Caught in its first serious downturn after a decade of heady growth, the IT industry knows it must diversify its portfolio. Bioinformatics, already being touted as the next big thing worldwide, offers the Indian IT industry a great chance to do just that. ''We are gung ho about the prospects of the bioinformatics sector,'' enthuses Vivek Kulkarni, the infotech secretary-and now, in a prescient move, the biotech secretary as well-of the government of Karnataka, from where a third of India's $6.5 billion software exports originate.

Like the motley group of scientists who founded Strand Genomics, there is a clutch of similar new Indian start-ups, some with foreign partners, taking aim at this new kind of biotech-infotech convergence. ''The action happening is incredible,'' says Koen Wentink, the Dutch coo of Avestha Gengraine Technologies, a biotech start-up trying to produce drought- and pest-resistant rice. Avesthagen (as the company is called by its short name) has attracted angel funding of $2 million. Its cerebral CEO, Dr Villoo Morawala Patell, is a plant molecular biologist from the University of Louis Pasteur, France. With her research group, she holds several patent applications in gene discovery and functionality, gene transformation for rice and millet as well as tissue-culture techniques, bioinformatics, and gene-sequencing techniques. Clearly, the start-ups are allowing highly qualified Indian scientists to venture into the world of business.

Avesthagen has a staff of 40, many of them sourced from the bioinformatics faculty of the Madurai Kamraj University, the only one of its kind in India. In keeping with its credo of convergence, the company is appropriately headquartered with the IT elite in the sparkling first-world environs of Bangalore's tech park in Whitefield. ''We are not only doing pure research, but also carrying out contract research,'' says Wentink.

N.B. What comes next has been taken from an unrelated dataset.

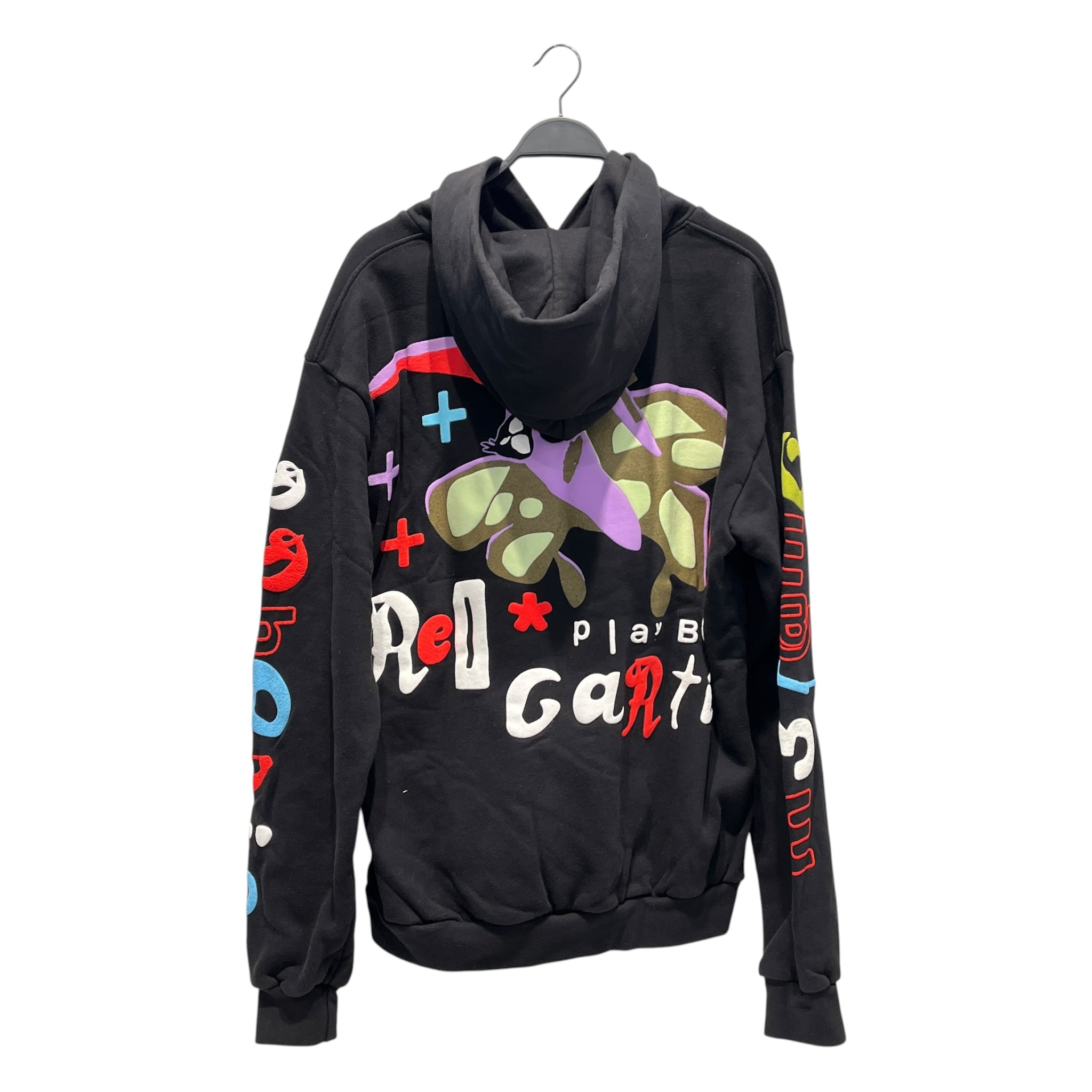 PBC X CPFM UNRELEASED/Hoodie/L/Cotton/BLK/WLR TOUR GREEN BUNNY view 2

From the other shore, a handful of IT companies are taking a serious look at the opportunities offered by biotech's big push to the frontiers. Satyam Computer Services is beginning to offer bioinformatics services to its global clientele: any element of basic research, instrumentation, or laboratories is given to its alliance partner, in this case the government-run Centre for Cellular and Molecular Biology, Hyderabad.

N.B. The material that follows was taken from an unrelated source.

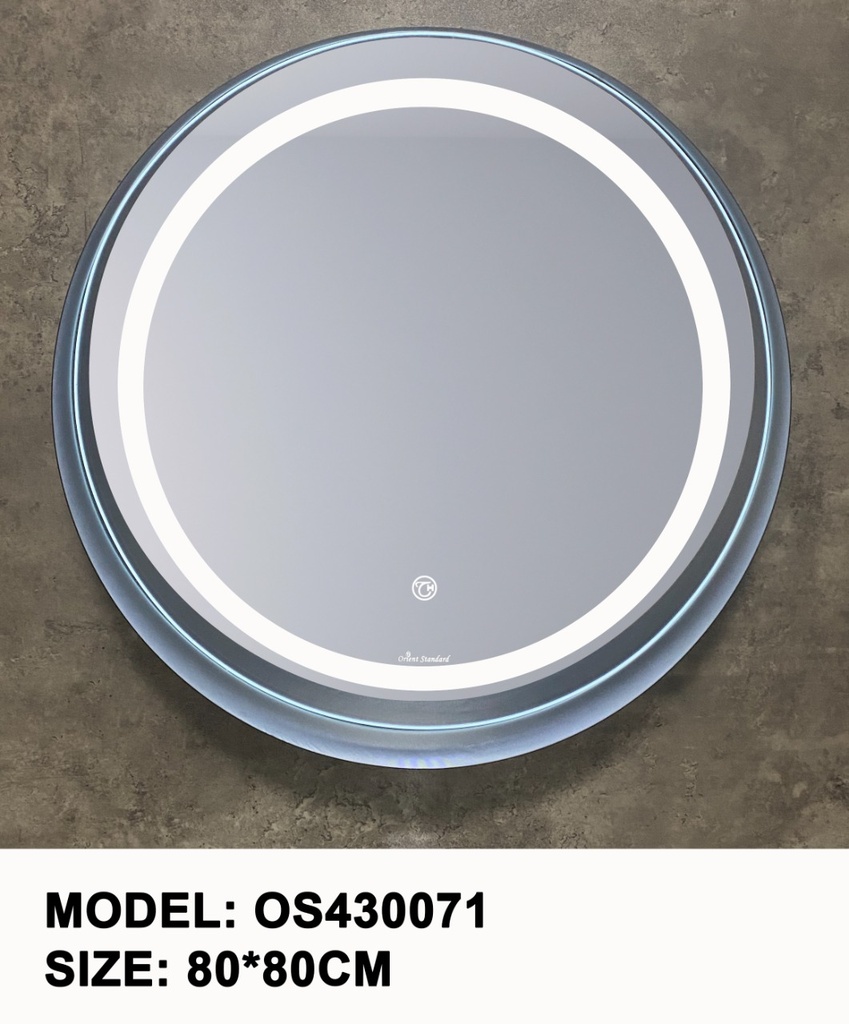  مراية  دائري ليد OS430071. مقاس 80*80 سم مع اللمس لون أبيض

Bangalore IT major Kshema Technologies, which launched a foray into bioinformatics nine months ago, is already providing customised software to two leading US health companies. ''Though our bioinformatics division is still very young, we see great potential ahead,'' says Anant Koppar, President and CEO of Kshema. ''This will be a focus area of growth for the company.'' To develop local expertise, Kshema, along with MDS Sciex, (part of the $1 billion Canadian health and life science company MDS Inc.) is sponsoring a bioinformatics research chair at the pes Institute for Technology, Bangalore.